Hijab Butch Blues
- Author: Lamya H.
- Language: English
- Genre: Memoir
- Publisher: Dial Press
- Publication date: February 6, 2023
- Publication place: United States
- Pages: 336
- ISBN: 978-0-593-44878-6

= Hijab Butch Blues =

2023 memoir by Lamya H.

Hijab Butch Blues is a 2023 memoir by pseudonymous author Lamya H, published by Dial Press. The memoir's title is a reference to Stone Butch Blues, Leslie Feinberg's 1993 novel.

== Background ==
Lamya H. was born in an Urdu-speaking country. At age four, she and her parents moved to a metropolitan city in a "rich Arab country". At age 14, she realized she was gay after connecting to the story of Maryam in Surah Maryam of the Qur'an. She moved to the U.S. at age 17 after receiving a scholarship to a "prestigious college" in New York City.

She began writing the essays that comprise the memoir in her 20s.

Lamya describes herself as gender non-conforming, queer, and non-binary. She uses she/they pronouns.

== Summary ==
The memoir is split into three parts. Throughout the book, Lamya connects her own experiences to stories and figures from the Qur'an.

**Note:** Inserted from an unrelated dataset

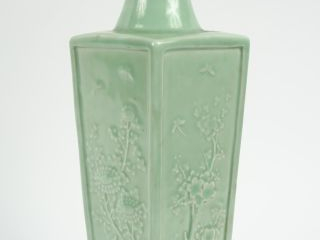 Vente aux enchères Vase quadrangulaire à col évasé en grès porcelaineux céladon, à décor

The first part explores Lamya's childhood and early experiences with gender. In the second part, Lamya discusses and challenges the idea of the "authentically gay experience," dismissing the idea that a person needs to come out to one's parents or family to be considered "gay enough". She also discusses the activities she engages in as part of her LGBT identity, such as "dosas every Thursday evening; watching the soccer world cup and picking which teams to cheer on based on anti-imperialism..."

In the final part of the memoir, Lamya discusses her internalized homophobia, relationship to Islam, and decision to come out.

== Reception ==
Hijab Butch Blues received positive reviews from Autostraddle, Muslim Girl, NPR, The Skinny, Them, and Xtra Magazine.

The memoir won the Brooklyn Public Library's Nonfiction Prize for 2023. It was also a finalist for the 36th Lambda Literary Awards, in the category of Lesbian Memoir or Biography.